Sunday, July 13, 2008

A Noble Roman Lights a Candle to Guide America's Path

After a recent post, Will China's Economy Overtake That of The U.S. By 2035? I received a comment from fellow blogger Fabius Maximus. This led to an exchange that called attention to my latest post A Look Back At Doom and Gloom.

Fabius responded and noted that our themes about America tend to overlap. Those posts really appealed to my historian roots. And with his permission, I am linking them, and encouraging my readers to introduce themselves to Fab's thoughtful insights.

Here is a little tease of what Fab has to say.

Innovation of new forms of society and technology. It is the key to our progress. It has allowed us to evolve from naked hunter-gatherers to the dominant species on this planet. This process is slow, normally taking hundreds or even thousands of years. But occasionally evolution leaps forward. **
Many people look to the future with fear. We see this fear throughout the web. Right-wing sites describe the imminent end of America: overrun by foreigners, victim of cultural and financial collapse.
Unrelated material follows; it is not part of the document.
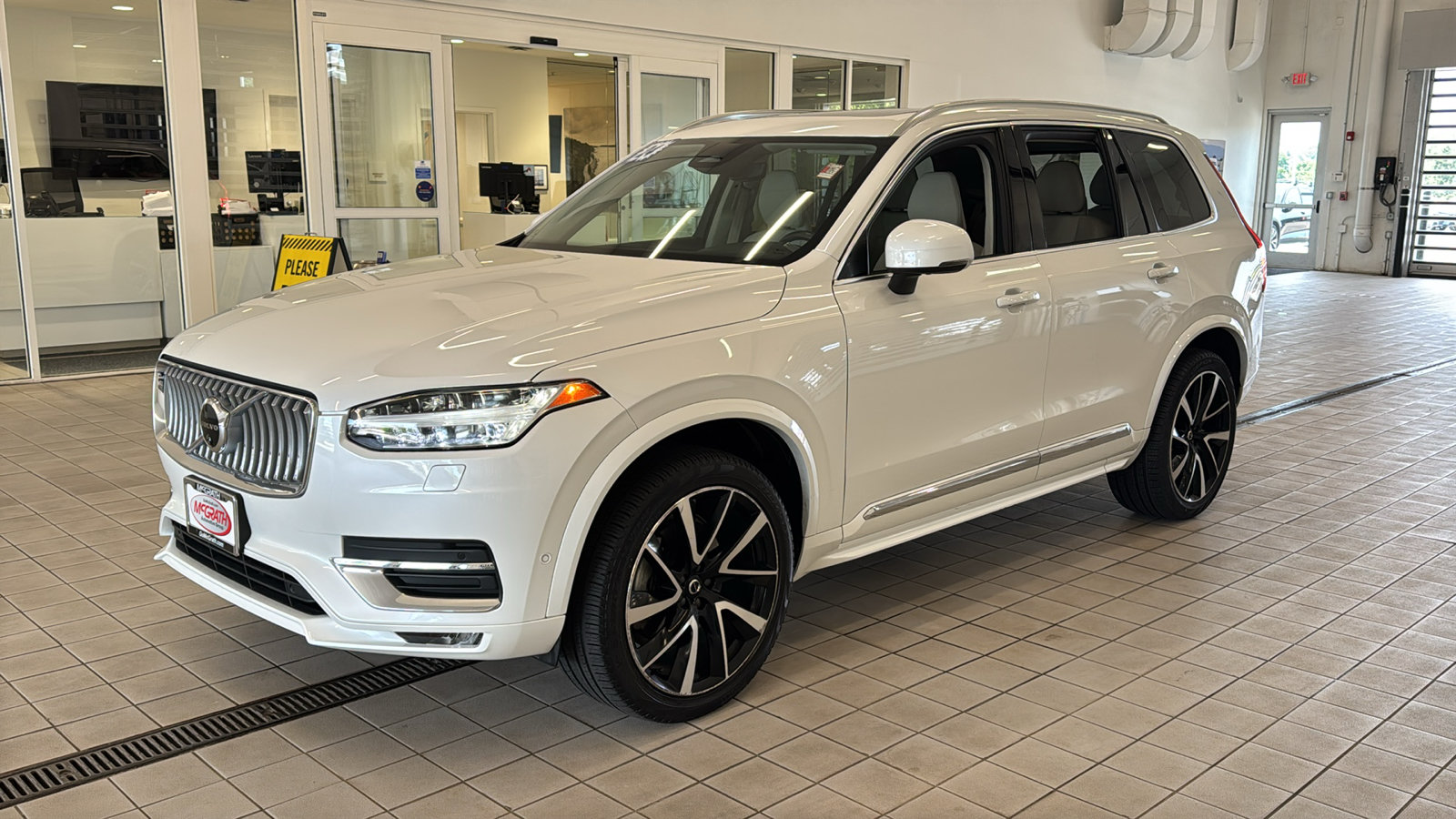 Used 2024 Volvo XC90 B6 Plus w/ Protection Package Premier AWD/4WD image 9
Left-wing sites describe “die-off” scenarios due to Peak Oil, climate change, and ecological collapse - as the American dream dies from takeover by theocrats and fascists.
Most of this is nonsense, but not the prospect of massive changes in our world. But need we fear the future?
The past should give us confidence when we look ahead. Consider Dodge City in 1877. Bat Masterson is sheriff, maintaining some semblance of law in the Wild West. Life in Dodge is materially only slightly better from that in an English village of a century before. But social and technological evolution has accelerated to a dizzying pace, and Bat cannot imagine what lies ahead.

As we start a New Year I find it useful to review my core beliefs. It is easy to lose sight of those amidst the clatter of daily events. Here is my list:
1. We are a people with a great past.
2. The challenges ahead are no greater than those behind us.
3. The American people can surmount these challenges if we work together.
4. We will be what we wish to be, if we but make the necessary effort.

I have made Fab a welcome addition to my blogroll, under History and Culture.